-- DATA TO EXAMINE follows --
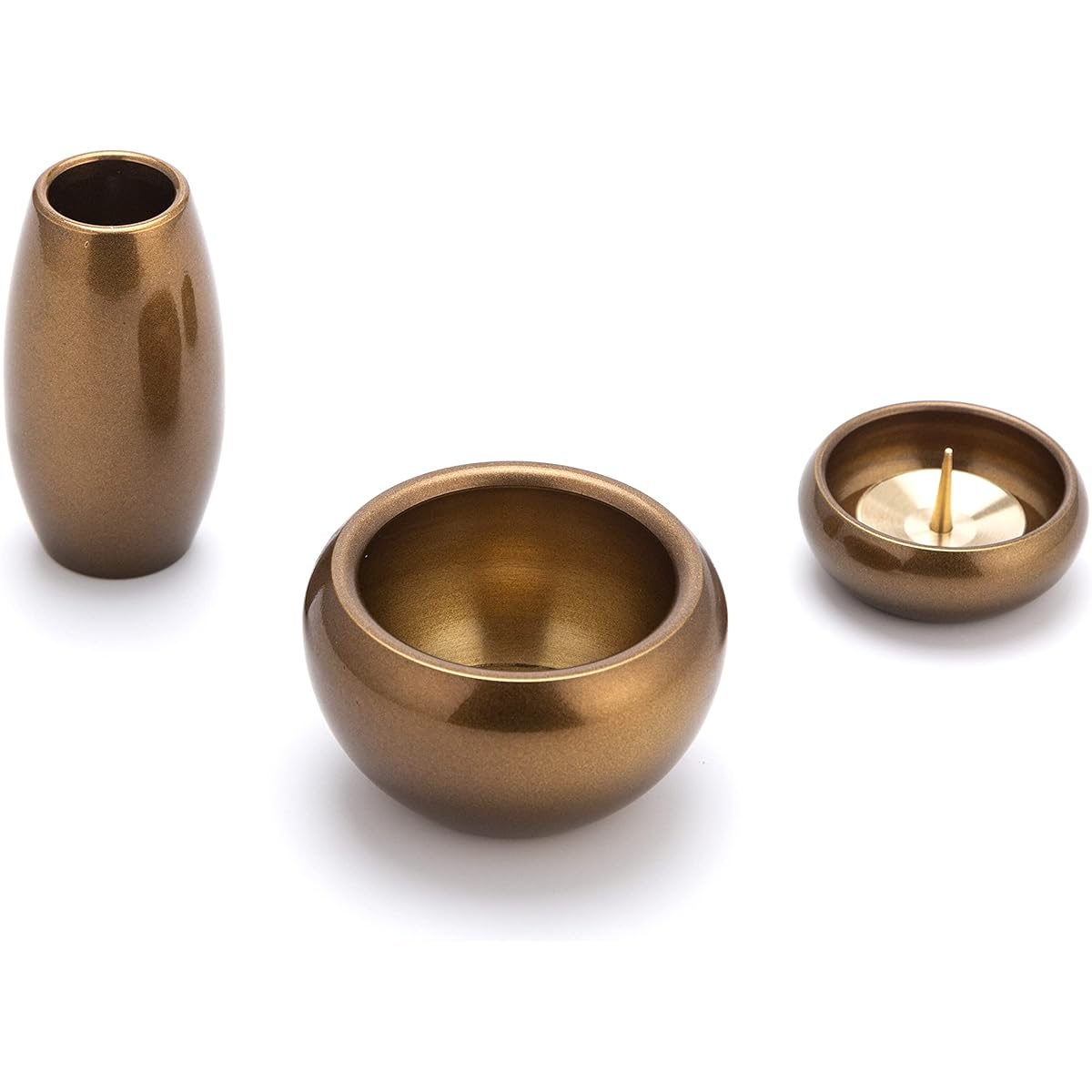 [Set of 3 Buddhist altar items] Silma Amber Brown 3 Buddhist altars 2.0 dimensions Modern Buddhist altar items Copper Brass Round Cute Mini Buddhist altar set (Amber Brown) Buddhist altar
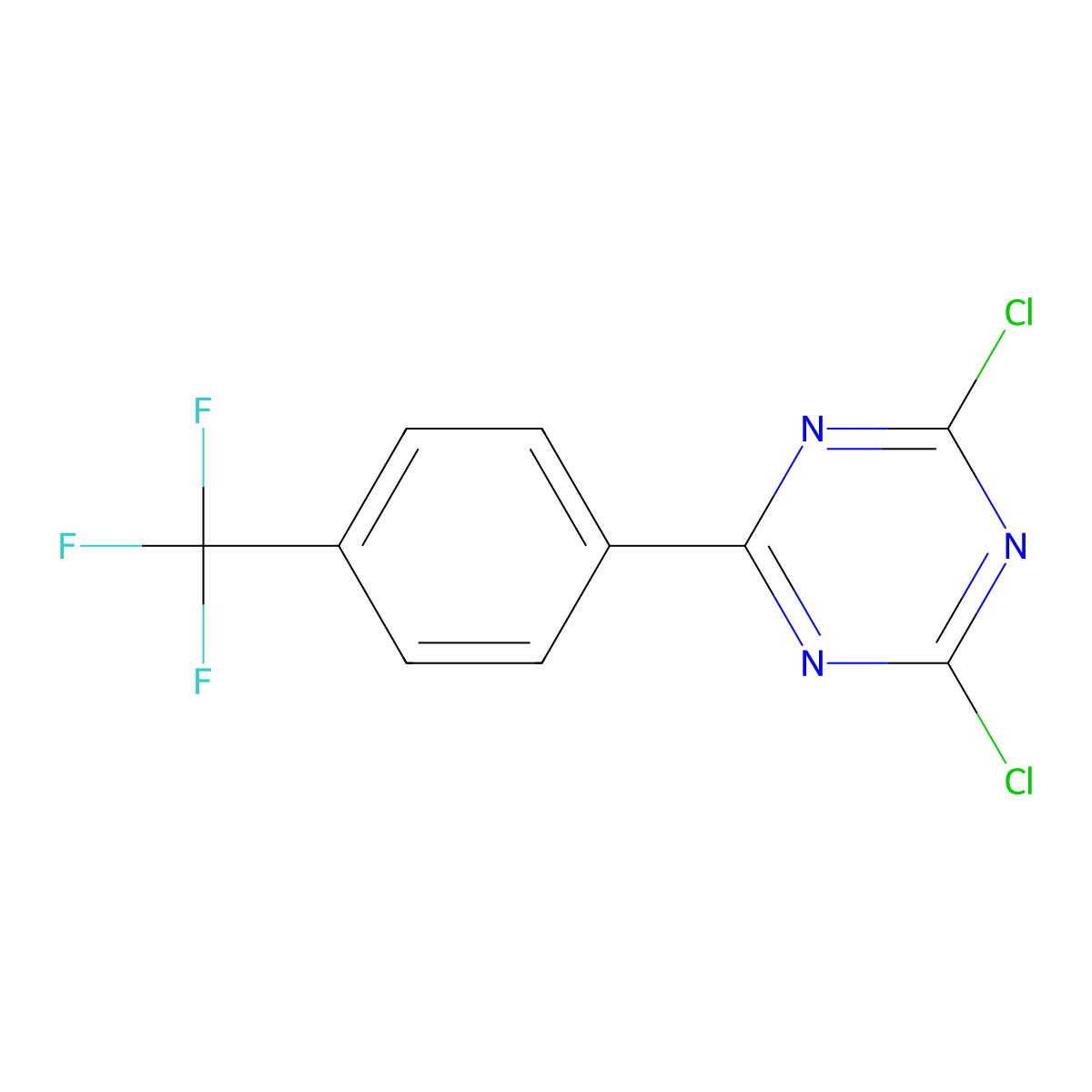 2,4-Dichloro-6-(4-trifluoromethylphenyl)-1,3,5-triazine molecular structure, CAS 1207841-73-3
-- DATA TO EXAMINE concluded --
-- DATA TO EXAMINE follows --
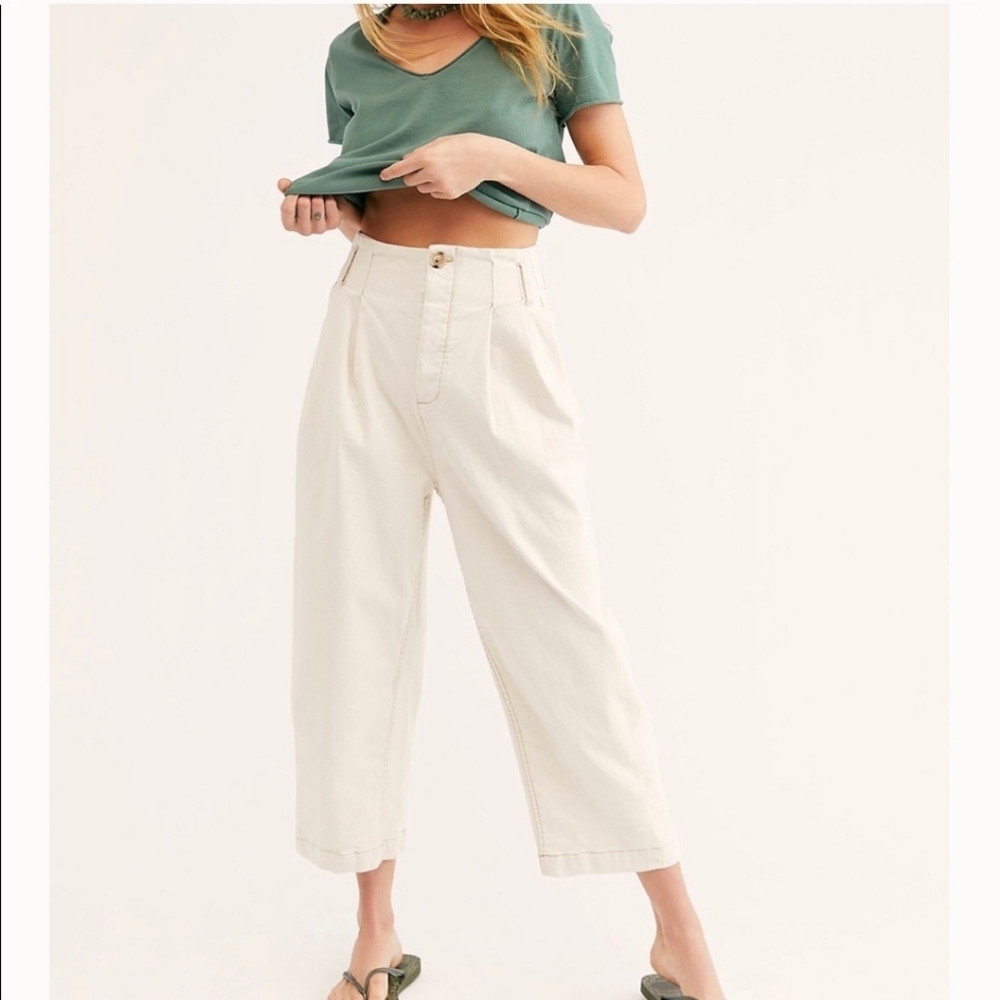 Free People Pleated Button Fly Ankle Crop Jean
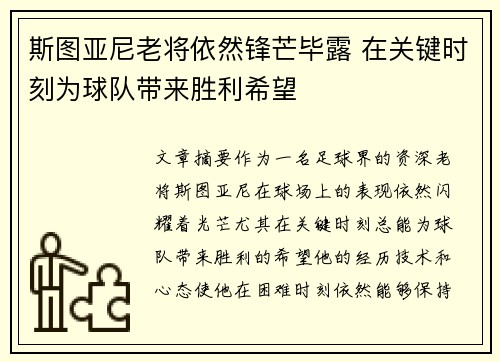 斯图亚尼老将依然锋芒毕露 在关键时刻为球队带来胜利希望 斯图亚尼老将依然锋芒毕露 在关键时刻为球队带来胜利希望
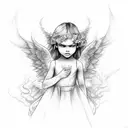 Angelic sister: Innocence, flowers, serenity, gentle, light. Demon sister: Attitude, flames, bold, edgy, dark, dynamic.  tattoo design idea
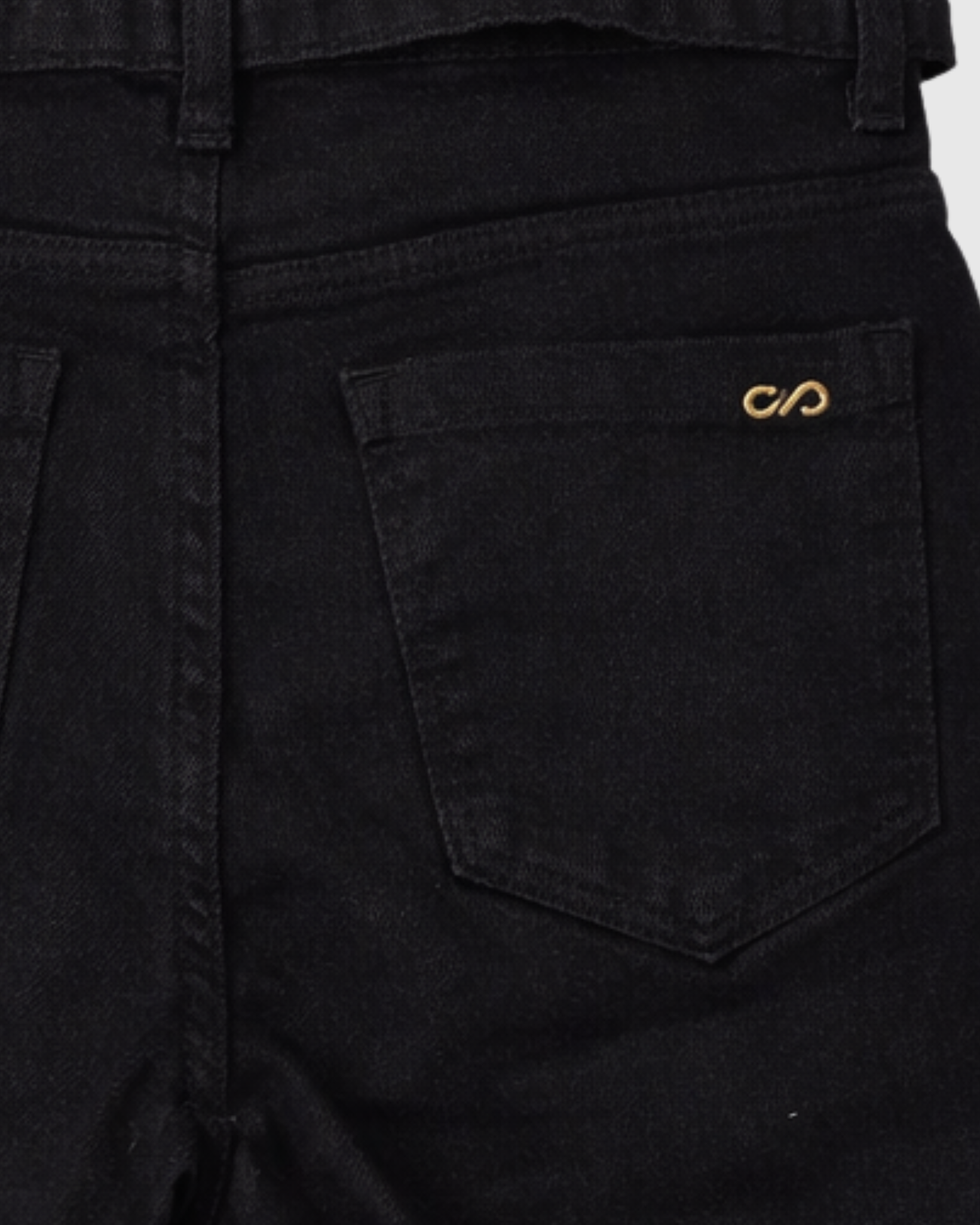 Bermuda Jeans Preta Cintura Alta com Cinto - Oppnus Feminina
-- DATA TO EXAMINE concluded --
-- DATA TO EXAMINE follows --
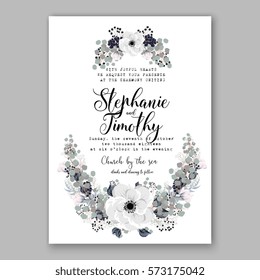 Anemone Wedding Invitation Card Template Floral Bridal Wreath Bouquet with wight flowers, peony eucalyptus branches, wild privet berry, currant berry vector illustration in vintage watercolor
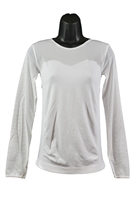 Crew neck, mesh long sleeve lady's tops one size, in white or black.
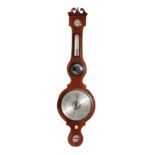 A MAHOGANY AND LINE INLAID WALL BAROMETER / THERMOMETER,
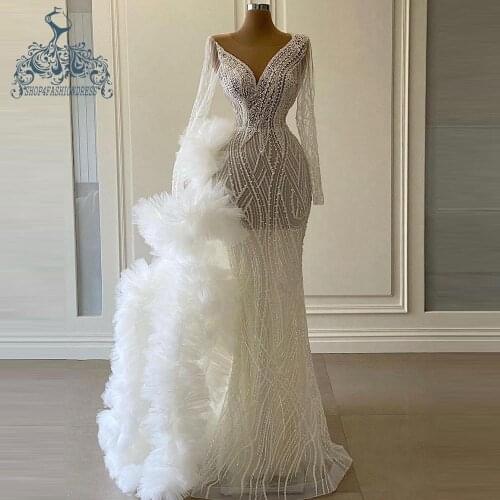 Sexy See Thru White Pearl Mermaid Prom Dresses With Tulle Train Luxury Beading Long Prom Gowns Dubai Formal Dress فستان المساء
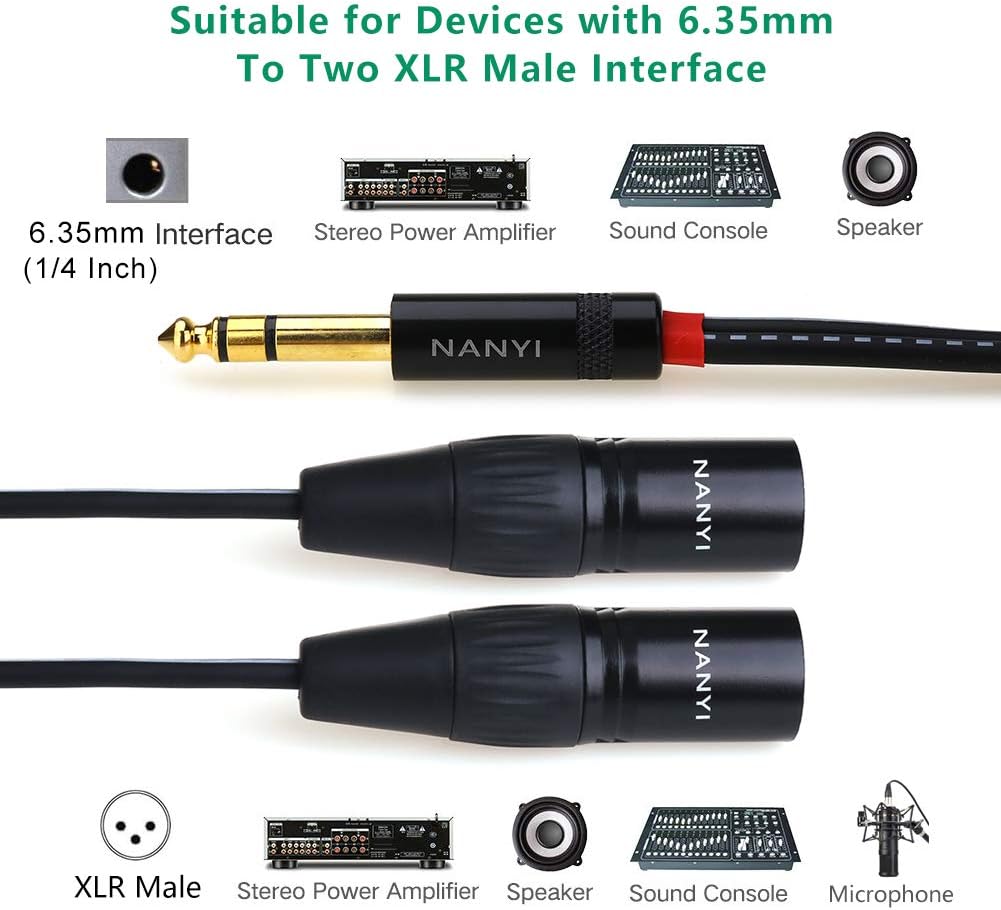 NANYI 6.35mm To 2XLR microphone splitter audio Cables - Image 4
-- DATA TO EXAMINE concluded --
EXERCISE BRIEF:
The stretch above running from the line with "Angelic sister: Innocence, flowers, serenity, gentle, light." through the line with "Bermuda Jeans Preta" is all you should copy, exactly, leaving out the pictures.

SOLUTION BELOW:
 Angelic sister: Innocence, flowers, serenity, gentle, light. Demon sister: Attitude, flames, bold, edgy, dark, dynamic.  tattoo design idea
 Bermuda Jeans Preta Cintura Alta com Cinto - Oppnus Feminina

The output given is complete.